I am attempting to replace the NaN in the 'cylinders' column using a dictionary with the median model cylinder number. I think it should work easily but I have been getting stuck each way I try.

cylinders_model_med = df.groupby('model').agg({'cylinders': 'median'})

cylinders_model_med=cylinders_model_med.to_dict()

#output:

  'bmw x5': 6.0,
  'buick enclave': 6.0,
  'cadillac escalade': 8.0,
  'chevrolet camaro': 6.0,
  'chevrolet camaro lt coupe 2d': 6.0,
  'chevrolet colorado': 5.0,
  'chevrolet corvette': 8.0,
  'chevrolet cruze': 4.0,
  'chevrolet equinox': 4.0,
  'chevrolet impala': 6.0,
  'chevrolet malibu': 4.0,
  'chevrolet silverado': 8.0,
  'chevrolet silverado 1500': 8.0,
  'chevrolet silverado 1500 crew': 8.0,
  'chevrolet silverado 2500hd': 8.0,
  'chevrolet silverado 3500hd': 8.0,
  'chevrolet suburban': 8.0,
  'chevrolet tahoe': 8.0,
  'chevrolet trailblazer': 6.0,
  'chevrolet traverse': 6.0,
  'chrysler 200': 4.0,
  'chrysler 300': 6.0,
  'chrysler town & country': 6.0,
  'dodge charger': 6.0,
  'dodge dakota': 6.0,
  'dodge grand caravan': 6.0,
  'ford econoline': 8.0,
  'ford edge': 6.0,
  'ford escape': 4.0,
  'ford expedition': 8.0,
  'ford explorer': 6.0,
  'ford f-150': 8.0,
  'ford f-250': 8.0,
  'ford f-250 sd': 8.0,
  'ford f-250 super duty': 8.0,
  'ford f-350 sd': 8.0,
  'ford f150': 8.0,
  'ford f150 supercrew cab xlt': 6.0,
  'ford f250': 8.0,
  'ford f250 super duty': 8.0,
  'ford f350': 8.0,
  'ford f350 super duty': 8.0,
  'ford focus': 4.0,
  'ford focus se': 4.0,
  'ford fusion': 4.0,
  'ford fusion se': 4.0,
  'ford mustang': 6.0,
  'ford mustang gt coupe 2d': 8.0,
  'ford ranger': 6.0,
  'ford taurus': 6.0,
  'gmc acadia': 6.0,
  'gmc sierra': 8.0,
  'gmc sierra 1500': 8.0,
  'gmc sierra 2500hd': 8.0,
  'gmc yukon': 8.0,
  'honda accord': 4.0,
  'honda civic': 4.0,
  'honda civic lx': 4.0,
  'honda cr-v': 4.0,
  'honda odyssey': 6.0,
  'honda pilot': 6.0,
  'hyundai elantra': 4.0,
  'hyundai santa fe': 6.0,
  'hyundai sonata': 4.0,
  'jeep cherokee': 6.0,
  'jeep grand cherokee': 6.0,
  'jeep grand cherokee laredo': 6.0,
  'jeep liberty': 6.0,
  'jeep wrangler': 6.0,
  'jeep wrangler unlimited': 6.0,
  'kia sorento': 4.0,
  'kia soul': 4.0,
  'mercedes-benz benze sprinter 2500': 6.0,
  'nissan altima': 4.0,
  'nissan frontier': 6.0,
  'nissan frontier crew cab sv': 6.0,
  'nissan maxima': 6.0,
  'nissan murano': 6.0,
  'nissan rogue': 4.0,
  'nissan sentra': 4.0,
  'nissan versa': 4.0,
  'ram 1500': 8.0,
  'ram 2500': 6.0,
  'ram 3500': 6.0,
  'subaru forester': 4.0,
  'subaru impreza': 4.0,
  'subaru outback': 4.0,
  'toyota 4runner': 6.0,
  'toyota camry': 4.0,
  'toyota camry le': 4.0,
  'toyota corolla': 4.0,
  'toyota highlander': 6.0,
  'toyota prius': 4.0,
  'toyota rav4': 4.0,
  'toyota sienna': 6.0,
  'toyota tacoma': 6.0,
  'toyota tundra': 8.0,
  'volkswagen jetta': 4.0,
  'volkswagen passat': 4.0}} 
#input:
df['cylinders']=df['cylinders'].fillna(cylinders_model_med)
df['cylinders'].isna().sum()
#output
5260

This is the same number of NaN I started with.

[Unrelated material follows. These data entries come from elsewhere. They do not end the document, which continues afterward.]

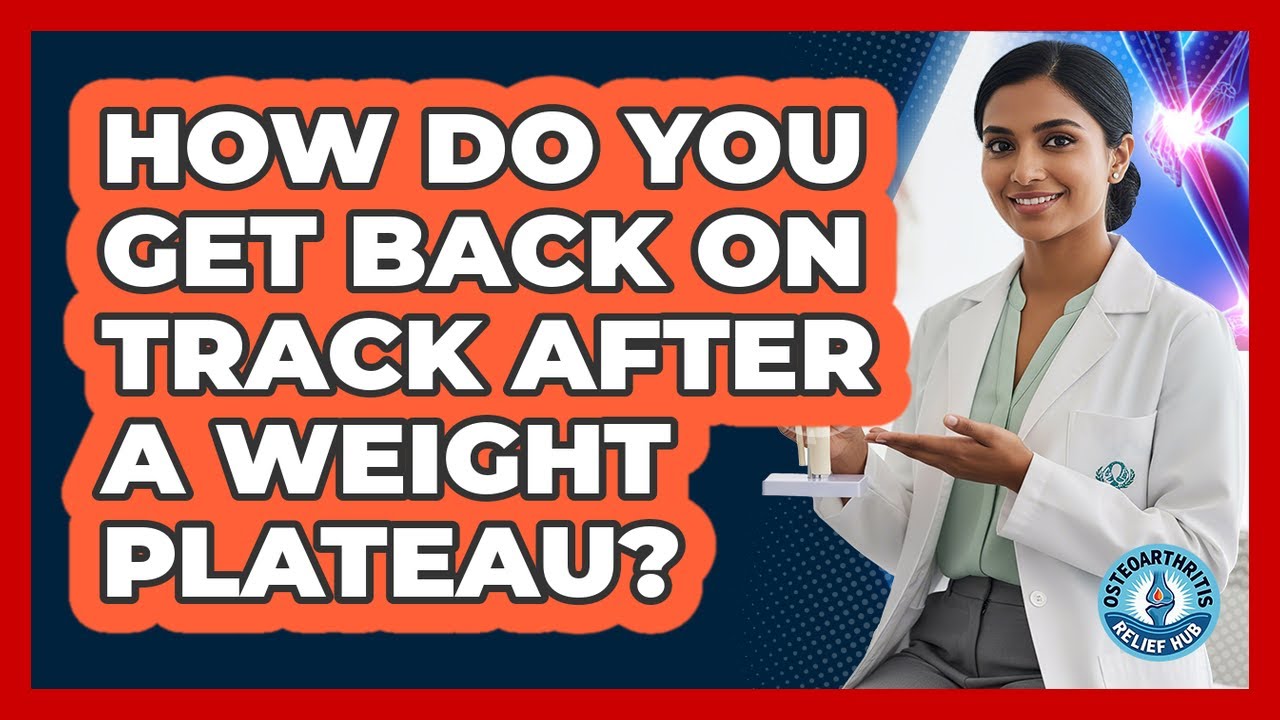 How Do You Get Back on Track After a Weight Plateau?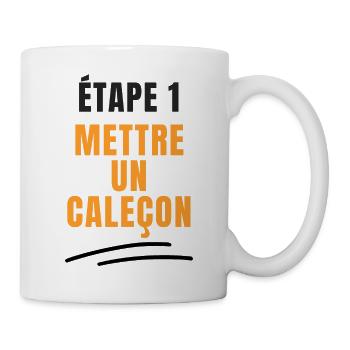 Étape 1 mettre un caleçon humour cadeau - Mug blanc - blanc - Droite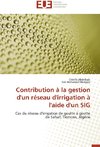 Contribution à la gestion d'un réseau d'irrigation à l'aide d'un SIG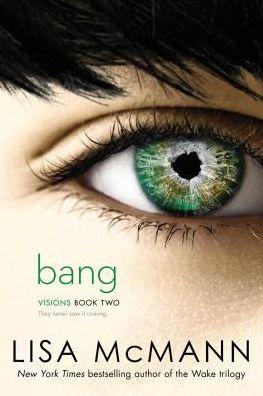 Bang #02 - LISA MCMANN
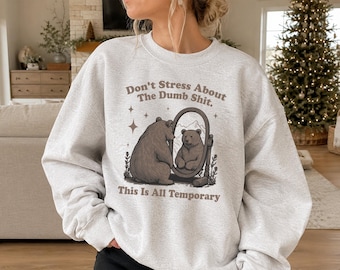 Don't Stress About The Dumb Shit Sweatshirt, Bear Reflection Sweatshirt, Woodcut Bear Pullover, Mindfulness Quote Sweater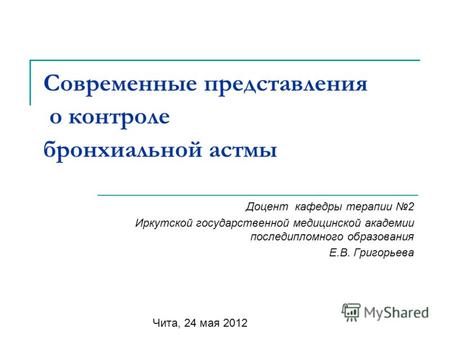 Современные представления о контроле бронхиальной астмы Чита, 24 мая 2012 Доцент кафедры терапии 2 Иркутской государственной медицинской академии последипломного.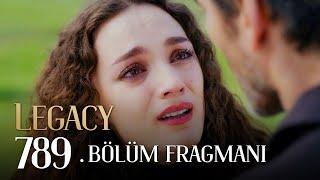 Emanet 789. Bölüm Fragmanı | Legacy Episode 789 Promo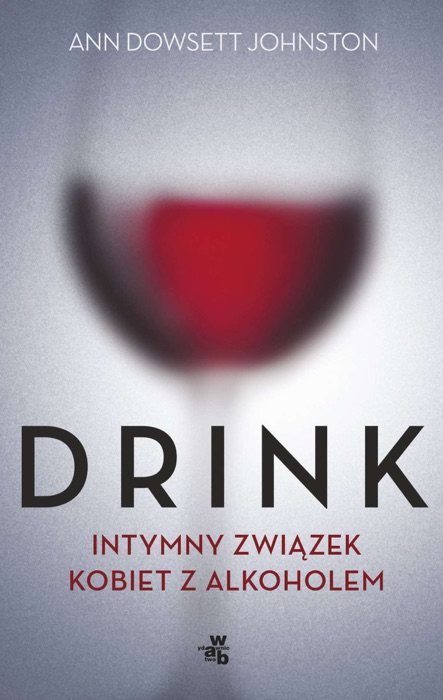 Drink. Intymny romans kobiet z alkoholem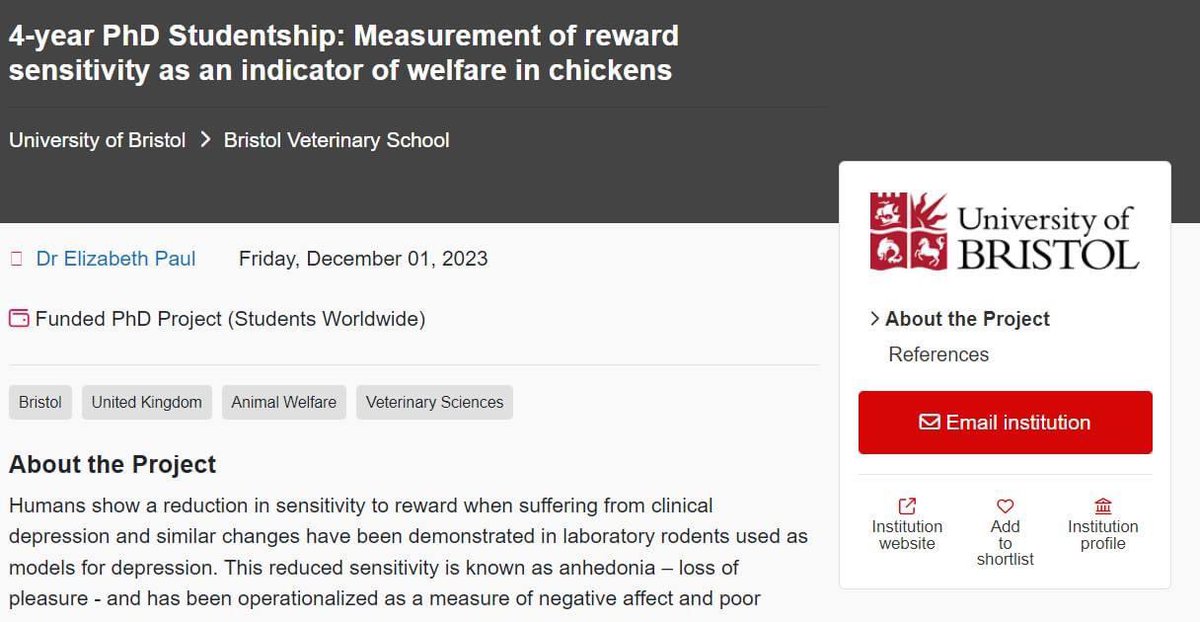 #PhDPositionAlert
4-year PhD Studentship: Measurement of reward sensitivity as an indicator of welfare in chickens
Bristol Veterinary School, University of Bristol
Bristol, United Kingdom

More information: applied-ethology.org/PhD_position_U…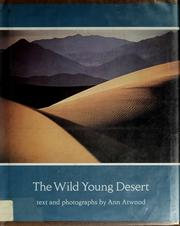 Cover of: The wild young desert by Ann Atwood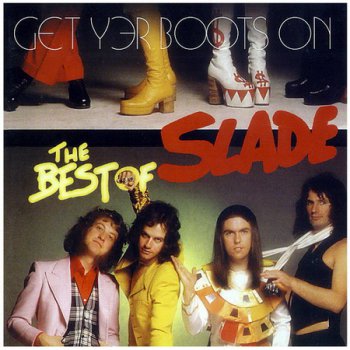 Slade - Get Yer Boots On - The Best Of (2004)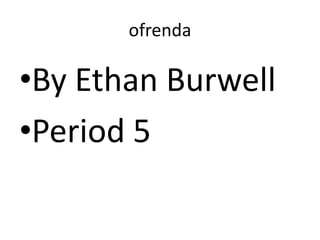 ofrenda

•By Ethan Burwell
•Period 5

 
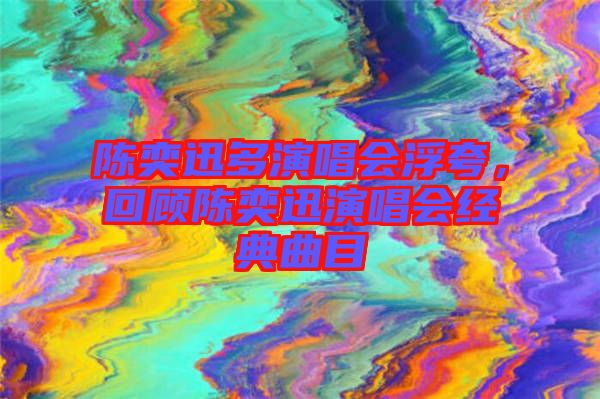陳奕迅多演唱會浮夸，回顧陳奕迅演唱會經典曲目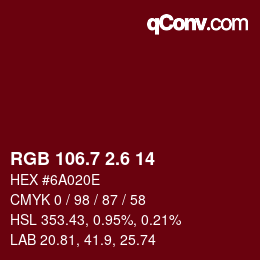 カラーコード: RGB 106.7 2.6 14 | qconv.com
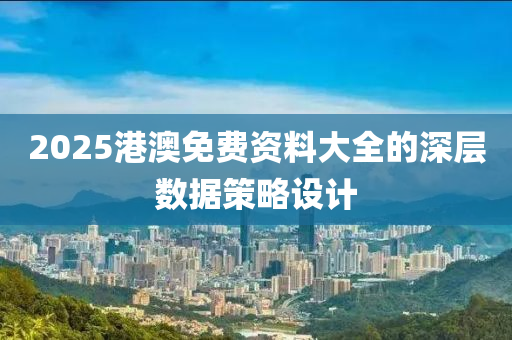 2025港澳免費(fèi)資料大全的深層數(shù)據(jù)策略設(shè)計(jì)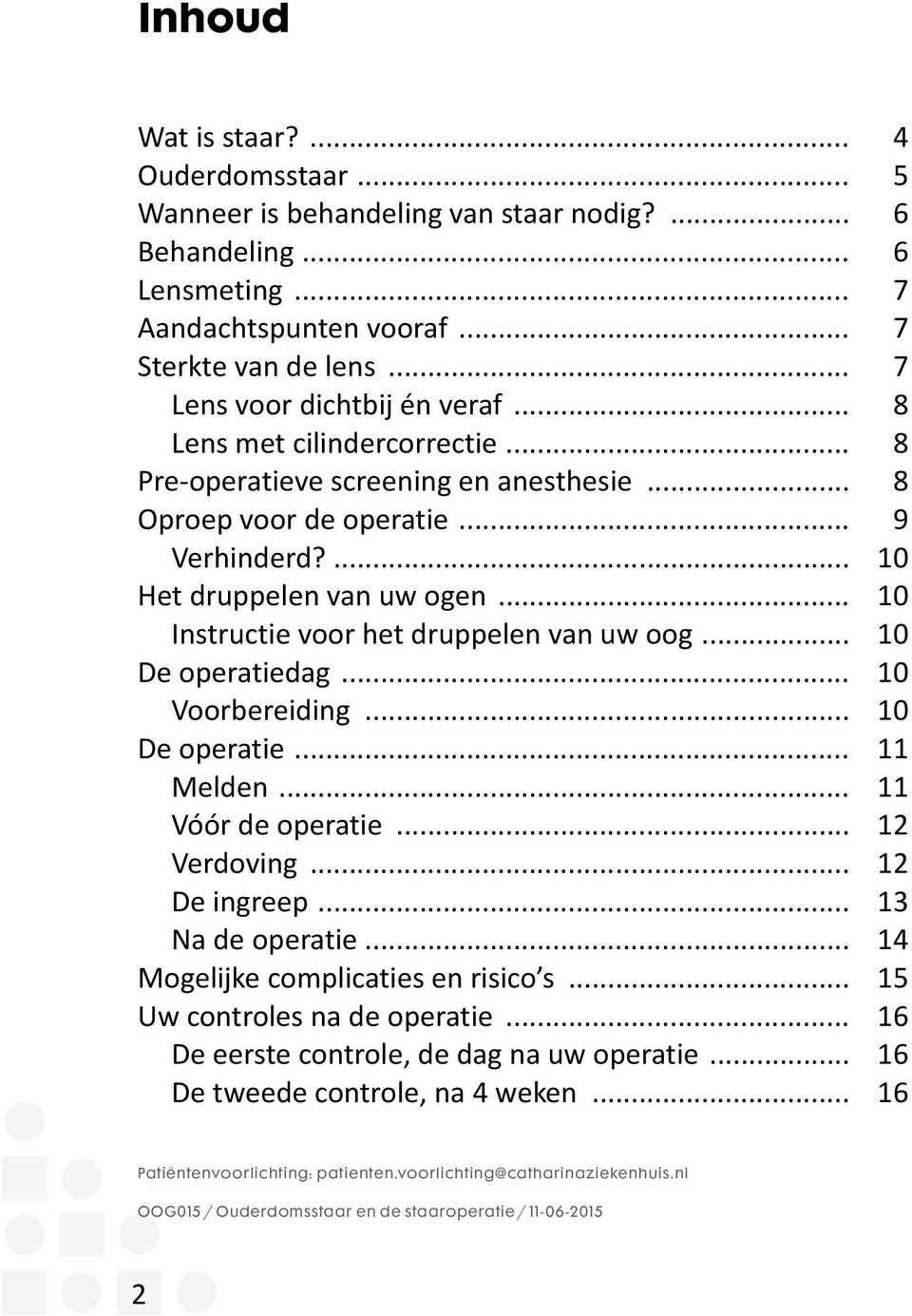 .. 10 Instructie voor het druppelen van uw oog... 10 De operatiedag... 10 Voorbereiding... 10 De operatie... 11 Melden... 11 Vóór de operatie... 12 Verdoving... 12 De ingreep... 13 Na de operatie.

I am new here so let me know if you need more (or less) information.

Thank you for your time!

Does this answer your question? [Pandas: fill in NaN values with dictionary references another column](https://stackoverflow.com/questions/42848911/pandas-fill-in-nan-values-with-dictionary-references-another-column) — Ignatius Reilly, Jun 26 '22 at 23:40
Not quite. It says that the float type is not iterable. I cant change the type because there are null values present. I am also not sure that this option is what I am looking for because I am not trying to use values from another column I am trying to use the medians from the cylinders column to fill the nan in the cylinders column. I will keep at it! Thank you for trying to help me. — hannah_pella, Jun 27 '22 at 03:17
In this example, the values from the other column aren't used to replace the NaNs, but as keys of a dictionary. The NaNs get replaced by the values from that dictionary (in your case, the medians). — Ignatius Reilly, Jun 27 '22 at 03:21
cylinders_model_med = df.groupby('model').agg({'cylinders': 'median'}) cy_dict=cylinders_model_med.to_dict() #cy_dict df['cylinders'] = df['cylinders'].fillna(df['model'].map(cy_dict)) I tried it like this and all of the NaN remain. any advice?? — hannah_pella, Jun 27 '22 at 13:44
Are you sure the dictionary covers all the possible cylinder's model? Or is it possible that you have all the values for certain models, but all the values for the others are missing? Can you take one of the rows with NaN and check if the name of the cylinder is in the keys of cylinders_model_med? — Ignatius Reilly, Jun 27 '22 at 15:43

score 0 · Answer 1 · answered Jun 26 '22 at 23:42

0

Alignment in pandas is based on index, so you need to create defaults which either you explicitly align to your dataframe or which will be aligned automatically. The easiest way to do this would be to create a default series with the same index as df using replace:

defaults = df['model'].replace(cylinders_model_med)
df['cylinders'] = df['cylinders'].fillna(defaults)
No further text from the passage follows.